DS Case Studies
Analysing Student Score Data
Exam results are one of the most scrutinised datasets in any institution. But averages hide everything — the student failing silently while the class mean looks healthy, the subject that looks fine overall but has a long tail of poor performers. The real analysis starts when you look below the surface.
You are a data analyst working with Greenfield Academy, a secondary school with 12 students in a pilot analytics programme. The head of year has asked you to identify which students are at risk of failing before the end of term, which subjects show the widest score variance, and whether study hours actually predict exam performance. Your findings will directly inform which students receive additional tutoring support.

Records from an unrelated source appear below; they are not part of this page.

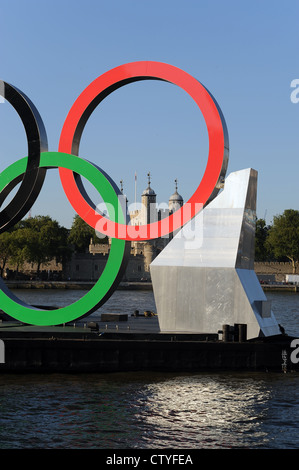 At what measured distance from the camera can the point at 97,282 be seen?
29.2 meters

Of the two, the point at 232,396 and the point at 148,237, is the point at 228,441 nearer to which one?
the point at 232,396

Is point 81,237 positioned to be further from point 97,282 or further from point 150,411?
point 150,411

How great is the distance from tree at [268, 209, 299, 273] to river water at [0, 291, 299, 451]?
104058 mm

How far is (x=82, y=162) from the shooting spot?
29.4 m

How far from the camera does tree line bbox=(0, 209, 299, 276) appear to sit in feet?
398

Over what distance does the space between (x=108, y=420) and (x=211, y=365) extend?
25.8 ft

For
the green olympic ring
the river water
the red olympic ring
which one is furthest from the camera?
the green olympic ring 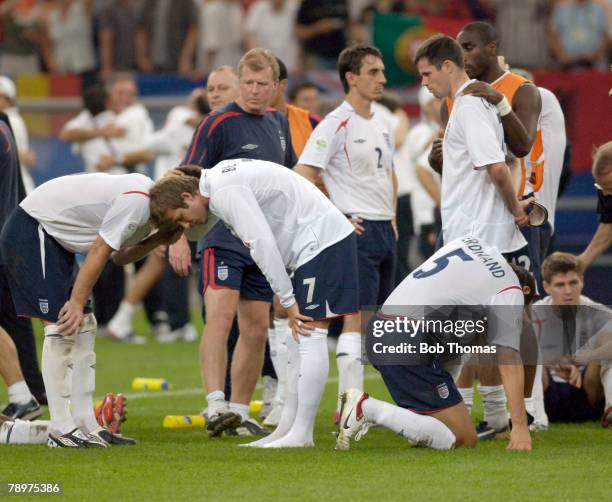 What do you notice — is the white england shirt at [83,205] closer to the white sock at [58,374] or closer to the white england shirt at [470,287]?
the white sock at [58,374]

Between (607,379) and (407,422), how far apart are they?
202 cm

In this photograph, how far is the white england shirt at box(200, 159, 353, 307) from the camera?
24.3 feet

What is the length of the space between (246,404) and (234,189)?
5.50 feet

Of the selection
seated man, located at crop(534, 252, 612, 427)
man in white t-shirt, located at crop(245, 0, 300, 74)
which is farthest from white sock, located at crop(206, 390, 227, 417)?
man in white t-shirt, located at crop(245, 0, 300, 74)

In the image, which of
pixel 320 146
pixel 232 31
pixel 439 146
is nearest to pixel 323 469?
pixel 439 146

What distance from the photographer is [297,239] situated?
7.77 m

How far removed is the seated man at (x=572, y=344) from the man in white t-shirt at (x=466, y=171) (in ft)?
2.75

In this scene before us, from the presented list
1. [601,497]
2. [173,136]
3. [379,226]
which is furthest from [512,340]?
[173,136]

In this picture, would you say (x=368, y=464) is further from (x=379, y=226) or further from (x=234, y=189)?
(x=379, y=226)

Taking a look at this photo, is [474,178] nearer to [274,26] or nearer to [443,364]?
[443,364]

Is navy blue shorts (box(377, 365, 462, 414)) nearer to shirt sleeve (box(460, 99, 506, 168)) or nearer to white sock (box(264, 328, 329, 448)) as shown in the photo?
white sock (box(264, 328, 329, 448))

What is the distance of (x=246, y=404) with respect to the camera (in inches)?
338

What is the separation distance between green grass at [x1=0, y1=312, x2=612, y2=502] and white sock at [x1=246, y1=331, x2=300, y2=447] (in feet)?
0.70

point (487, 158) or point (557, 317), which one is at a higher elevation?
point (487, 158) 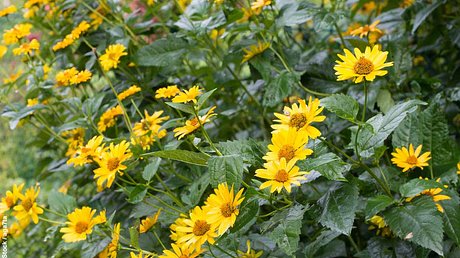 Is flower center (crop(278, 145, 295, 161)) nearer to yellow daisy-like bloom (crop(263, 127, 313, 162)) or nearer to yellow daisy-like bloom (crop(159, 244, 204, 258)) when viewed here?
yellow daisy-like bloom (crop(263, 127, 313, 162))

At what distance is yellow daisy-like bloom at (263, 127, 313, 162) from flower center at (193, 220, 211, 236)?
16cm

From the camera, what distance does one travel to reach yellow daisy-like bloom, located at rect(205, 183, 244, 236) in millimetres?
903

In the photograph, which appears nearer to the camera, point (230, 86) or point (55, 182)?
point (230, 86)

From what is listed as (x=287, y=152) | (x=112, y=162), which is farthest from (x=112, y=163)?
(x=287, y=152)

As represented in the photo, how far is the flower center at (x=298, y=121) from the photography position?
0.93m

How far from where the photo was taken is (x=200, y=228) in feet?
3.18

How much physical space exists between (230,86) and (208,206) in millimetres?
832

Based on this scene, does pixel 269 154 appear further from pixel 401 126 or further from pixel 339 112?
pixel 401 126

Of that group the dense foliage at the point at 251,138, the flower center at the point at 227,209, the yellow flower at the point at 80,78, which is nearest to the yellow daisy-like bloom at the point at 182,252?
the dense foliage at the point at 251,138

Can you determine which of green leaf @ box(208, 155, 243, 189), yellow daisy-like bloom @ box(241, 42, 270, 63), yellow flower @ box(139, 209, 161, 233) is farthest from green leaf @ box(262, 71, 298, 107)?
green leaf @ box(208, 155, 243, 189)

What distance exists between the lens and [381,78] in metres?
1.47

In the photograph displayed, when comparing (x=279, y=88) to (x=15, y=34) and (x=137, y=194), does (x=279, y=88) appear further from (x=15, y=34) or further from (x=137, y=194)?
(x=15, y=34)

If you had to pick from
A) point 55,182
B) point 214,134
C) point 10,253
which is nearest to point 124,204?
point 214,134

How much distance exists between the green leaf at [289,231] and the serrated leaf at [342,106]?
17cm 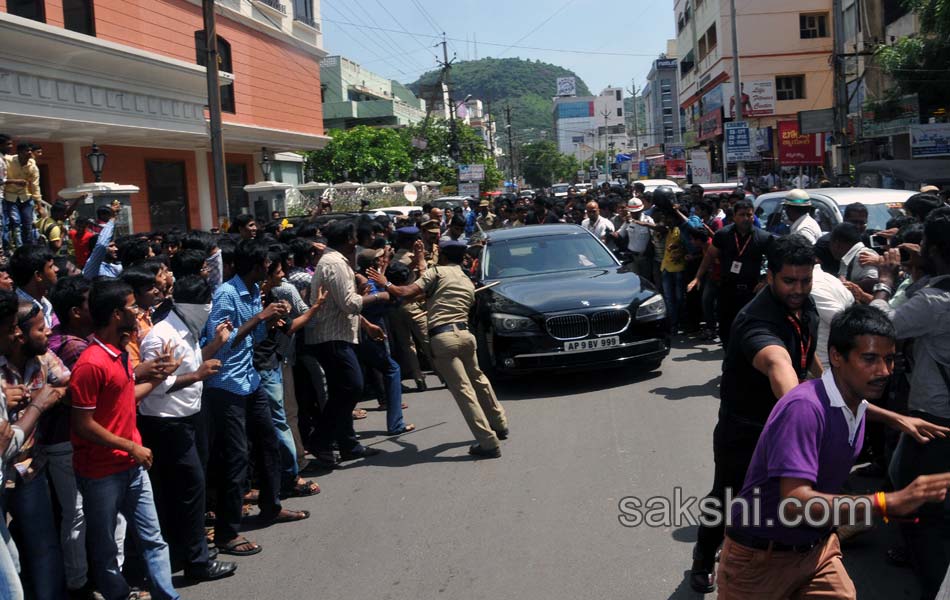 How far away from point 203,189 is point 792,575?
26.1 meters

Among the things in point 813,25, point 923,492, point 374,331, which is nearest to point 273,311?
point 374,331

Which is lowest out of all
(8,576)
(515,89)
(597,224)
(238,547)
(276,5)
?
(238,547)

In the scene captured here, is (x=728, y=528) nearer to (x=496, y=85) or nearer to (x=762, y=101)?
(x=762, y=101)

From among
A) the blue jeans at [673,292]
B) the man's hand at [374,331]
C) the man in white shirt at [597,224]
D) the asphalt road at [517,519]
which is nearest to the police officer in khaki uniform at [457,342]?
the asphalt road at [517,519]

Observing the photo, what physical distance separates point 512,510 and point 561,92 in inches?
7120

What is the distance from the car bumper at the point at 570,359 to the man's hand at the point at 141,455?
5.01 metres

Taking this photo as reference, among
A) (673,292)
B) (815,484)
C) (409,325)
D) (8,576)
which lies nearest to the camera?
(815,484)

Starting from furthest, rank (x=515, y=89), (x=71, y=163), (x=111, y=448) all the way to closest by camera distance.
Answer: (x=515, y=89) → (x=71, y=163) → (x=111, y=448)

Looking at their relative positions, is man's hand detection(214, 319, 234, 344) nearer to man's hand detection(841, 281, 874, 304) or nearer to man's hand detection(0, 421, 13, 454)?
man's hand detection(0, 421, 13, 454)

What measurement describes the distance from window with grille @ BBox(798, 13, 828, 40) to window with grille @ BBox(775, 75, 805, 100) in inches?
88.1

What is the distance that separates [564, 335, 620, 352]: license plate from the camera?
8914mm

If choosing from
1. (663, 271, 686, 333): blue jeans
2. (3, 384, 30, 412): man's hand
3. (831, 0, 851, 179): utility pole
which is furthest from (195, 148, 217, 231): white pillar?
(3, 384, 30, 412): man's hand

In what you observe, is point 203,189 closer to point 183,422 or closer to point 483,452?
point 483,452

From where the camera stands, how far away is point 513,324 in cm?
904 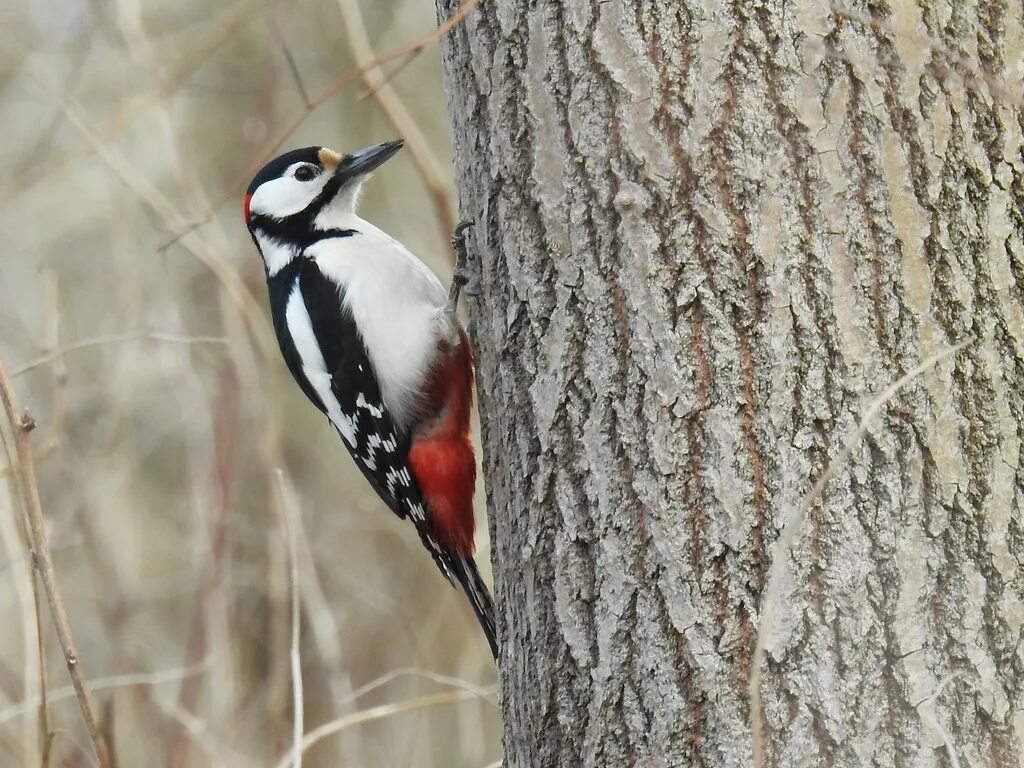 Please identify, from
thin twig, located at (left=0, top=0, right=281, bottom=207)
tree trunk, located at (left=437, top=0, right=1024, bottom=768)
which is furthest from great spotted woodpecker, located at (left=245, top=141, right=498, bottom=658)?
tree trunk, located at (left=437, top=0, right=1024, bottom=768)

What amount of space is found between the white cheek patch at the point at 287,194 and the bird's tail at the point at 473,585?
1.11m

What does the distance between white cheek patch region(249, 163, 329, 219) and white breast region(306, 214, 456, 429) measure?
0.88 feet

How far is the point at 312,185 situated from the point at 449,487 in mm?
985

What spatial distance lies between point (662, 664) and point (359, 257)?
1.66 m

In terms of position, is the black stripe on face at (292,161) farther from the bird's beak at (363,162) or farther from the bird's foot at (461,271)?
the bird's foot at (461,271)

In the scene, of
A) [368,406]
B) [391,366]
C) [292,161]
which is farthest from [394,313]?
[292,161]

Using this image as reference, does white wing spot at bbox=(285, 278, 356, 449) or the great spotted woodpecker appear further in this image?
white wing spot at bbox=(285, 278, 356, 449)

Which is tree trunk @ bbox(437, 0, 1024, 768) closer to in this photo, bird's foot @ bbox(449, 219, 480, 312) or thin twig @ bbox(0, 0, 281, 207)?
bird's foot @ bbox(449, 219, 480, 312)

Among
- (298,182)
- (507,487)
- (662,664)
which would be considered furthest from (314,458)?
(662,664)

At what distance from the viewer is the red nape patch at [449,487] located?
2896 mm

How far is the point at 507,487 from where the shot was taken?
2.00 metres

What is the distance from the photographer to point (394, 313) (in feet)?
9.74

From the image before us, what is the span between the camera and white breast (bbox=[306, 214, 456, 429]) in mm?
2953

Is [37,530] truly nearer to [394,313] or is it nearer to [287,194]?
[394,313] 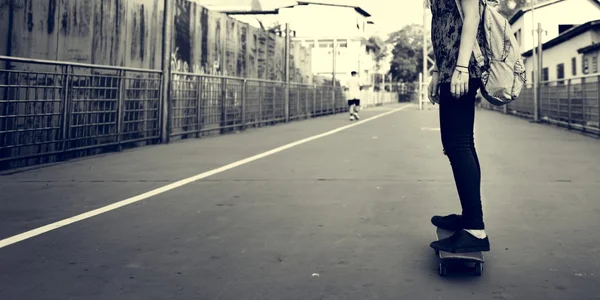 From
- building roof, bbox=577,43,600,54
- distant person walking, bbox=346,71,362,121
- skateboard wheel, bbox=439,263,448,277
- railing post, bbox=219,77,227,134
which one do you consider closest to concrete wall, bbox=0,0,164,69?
railing post, bbox=219,77,227,134

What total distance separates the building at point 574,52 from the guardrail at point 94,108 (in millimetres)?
19440

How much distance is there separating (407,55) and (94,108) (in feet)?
290

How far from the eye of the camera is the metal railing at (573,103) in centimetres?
1338

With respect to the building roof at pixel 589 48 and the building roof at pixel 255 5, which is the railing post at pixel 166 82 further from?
the building roof at pixel 255 5

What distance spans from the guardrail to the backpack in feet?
18.7

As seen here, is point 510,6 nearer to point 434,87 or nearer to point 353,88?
point 353,88

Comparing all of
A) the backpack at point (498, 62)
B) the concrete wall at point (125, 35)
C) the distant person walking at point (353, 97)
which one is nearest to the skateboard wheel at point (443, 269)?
the backpack at point (498, 62)

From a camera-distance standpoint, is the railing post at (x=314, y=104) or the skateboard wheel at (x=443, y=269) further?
the railing post at (x=314, y=104)

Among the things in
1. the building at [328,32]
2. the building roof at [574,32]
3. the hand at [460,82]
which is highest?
the building at [328,32]

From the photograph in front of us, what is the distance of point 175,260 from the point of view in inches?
126

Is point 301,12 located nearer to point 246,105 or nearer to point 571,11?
point 571,11

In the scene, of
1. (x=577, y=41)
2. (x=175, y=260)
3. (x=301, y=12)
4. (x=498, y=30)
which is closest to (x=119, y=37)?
(x=175, y=260)

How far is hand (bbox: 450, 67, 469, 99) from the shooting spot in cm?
294

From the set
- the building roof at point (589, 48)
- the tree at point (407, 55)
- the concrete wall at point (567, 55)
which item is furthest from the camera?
the tree at point (407, 55) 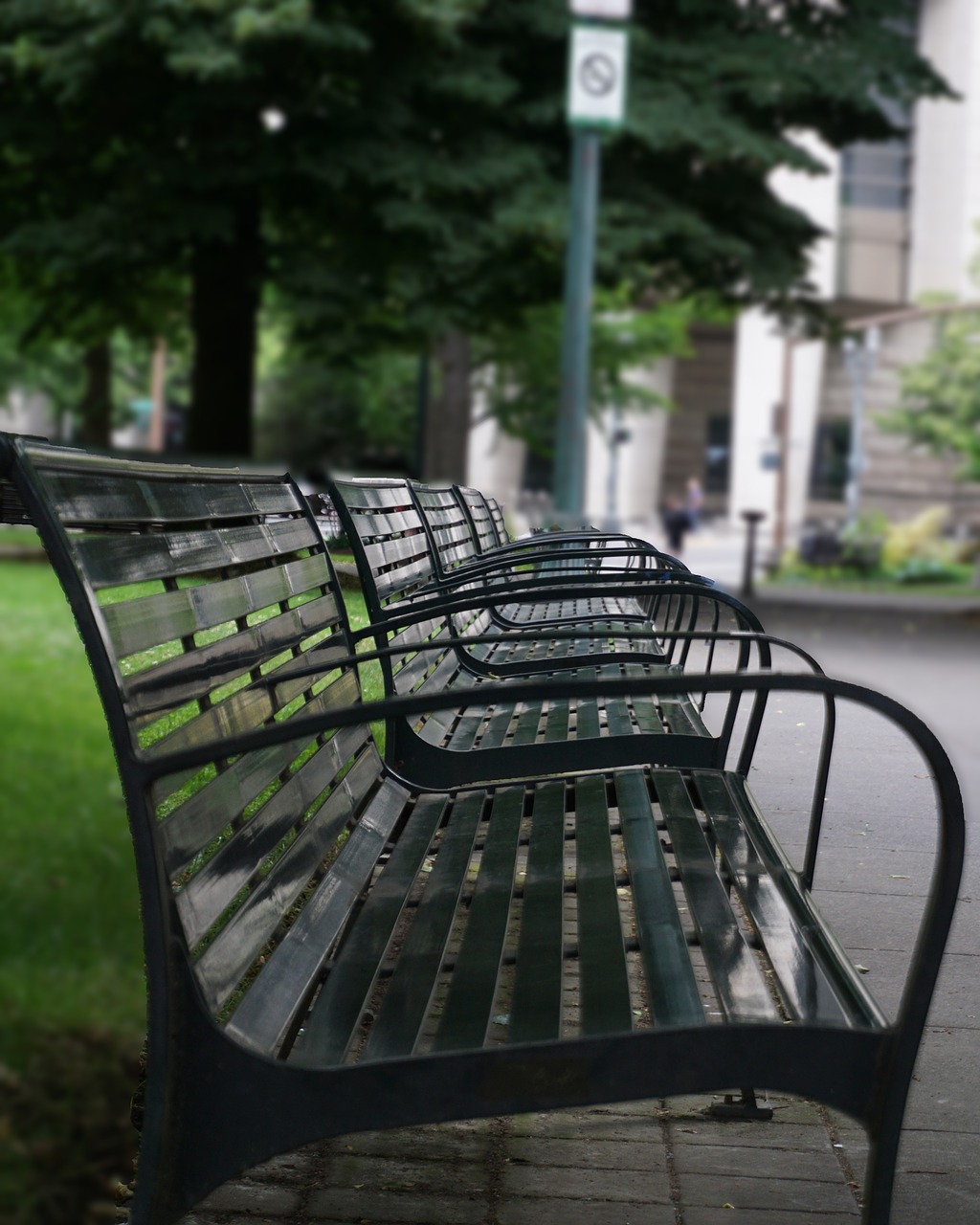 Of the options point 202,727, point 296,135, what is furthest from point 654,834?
point 296,135

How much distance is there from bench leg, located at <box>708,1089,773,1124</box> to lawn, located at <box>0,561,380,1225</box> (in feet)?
3.29

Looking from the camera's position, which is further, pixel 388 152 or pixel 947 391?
pixel 947 391

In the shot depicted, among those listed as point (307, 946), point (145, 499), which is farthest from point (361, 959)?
point (145, 499)

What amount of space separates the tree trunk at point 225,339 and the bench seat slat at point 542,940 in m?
16.6

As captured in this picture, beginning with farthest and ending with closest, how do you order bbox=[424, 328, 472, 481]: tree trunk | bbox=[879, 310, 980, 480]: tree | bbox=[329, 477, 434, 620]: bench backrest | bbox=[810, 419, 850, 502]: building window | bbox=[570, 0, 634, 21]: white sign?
1. bbox=[810, 419, 850, 502]: building window
2. bbox=[879, 310, 980, 480]: tree
3. bbox=[424, 328, 472, 481]: tree trunk
4. bbox=[570, 0, 634, 21]: white sign
5. bbox=[329, 477, 434, 620]: bench backrest

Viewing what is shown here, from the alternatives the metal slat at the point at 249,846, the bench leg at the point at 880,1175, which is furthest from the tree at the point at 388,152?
the bench leg at the point at 880,1175

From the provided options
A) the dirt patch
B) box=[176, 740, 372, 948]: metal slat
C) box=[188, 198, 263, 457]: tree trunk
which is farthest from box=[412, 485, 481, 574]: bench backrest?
box=[188, 198, 263, 457]: tree trunk

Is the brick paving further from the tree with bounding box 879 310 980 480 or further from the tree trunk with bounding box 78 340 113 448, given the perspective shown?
the tree with bounding box 879 310 980 480

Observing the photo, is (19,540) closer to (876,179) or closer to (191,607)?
(191,607)

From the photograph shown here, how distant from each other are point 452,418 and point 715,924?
2091 cm

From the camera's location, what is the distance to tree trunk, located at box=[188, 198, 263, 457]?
62.0 ft

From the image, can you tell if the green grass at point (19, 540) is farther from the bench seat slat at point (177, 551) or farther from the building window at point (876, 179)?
the building window at point (876, 179)

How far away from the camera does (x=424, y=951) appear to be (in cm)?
232

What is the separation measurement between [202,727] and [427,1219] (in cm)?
77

What This Case Study Covers
Student performance analysis sits at the intersection of pastoral care and academic planning. The goal is not to rank students — it is to identify who needs help and what kind of help they need. A student underperforming in all subjects needs a different intervention from one who excels in some areas but struggles in a single subject. This case study teaches you to make that distinction using data.
This case study covers four analytical layers: subject-level distribution analysis to understand which subjects are most consistently scored and which are most polarising, student-level risk flagging to identify students below the pass threshold across multiple subjects, study hours correlation to measure how strongly preparation time predicts performance, and overall score ranking with a composite score metric to give the head of year a single prioritised list.
The Student EDA Toolkit
Subject Distribution Analysis
Compute mean, median, and standard deviation per subject. A high std in a subject means scores are polarised — some students grasp the material and others do not. That signals a teaching or curriculum issue, not just individual student performance.Pass Rate by Subject
Count students scoring below the pass threshold (50) per subject and compute the fail rate. A subject with a 40% fail rate needs a curriculum review. A student failing three or more subjects needs immediate pastoral intervention.Composite Score and Ranking
Compute each student's mean score across all subjects as a single composite metric. This allows the head of year to see the full cohort ranked at a glance — and immediately spot who is at the bottom of the distribution.Study Hours Correlation
Compute Pearson correlation between weekly study hours and composite score. If the correlation is strong, increasing study time is a credible intervention. If it is weak, the issue lies elsewhere — tutoring quality, attendance, or learning difficulties.At-Risk Student Flagging
Apply a boolean filter to identify students failing two or more subjects simultaneously. This is the list that goes to the head of year — not a ranked table, but a concrete set of names requiring immediate action.Dataset Overview
Greenfield Academy's results dataset contains 12 student records covering four subjects, weekly study hours, and attendance percentage. Built directly with pd.DataFrame().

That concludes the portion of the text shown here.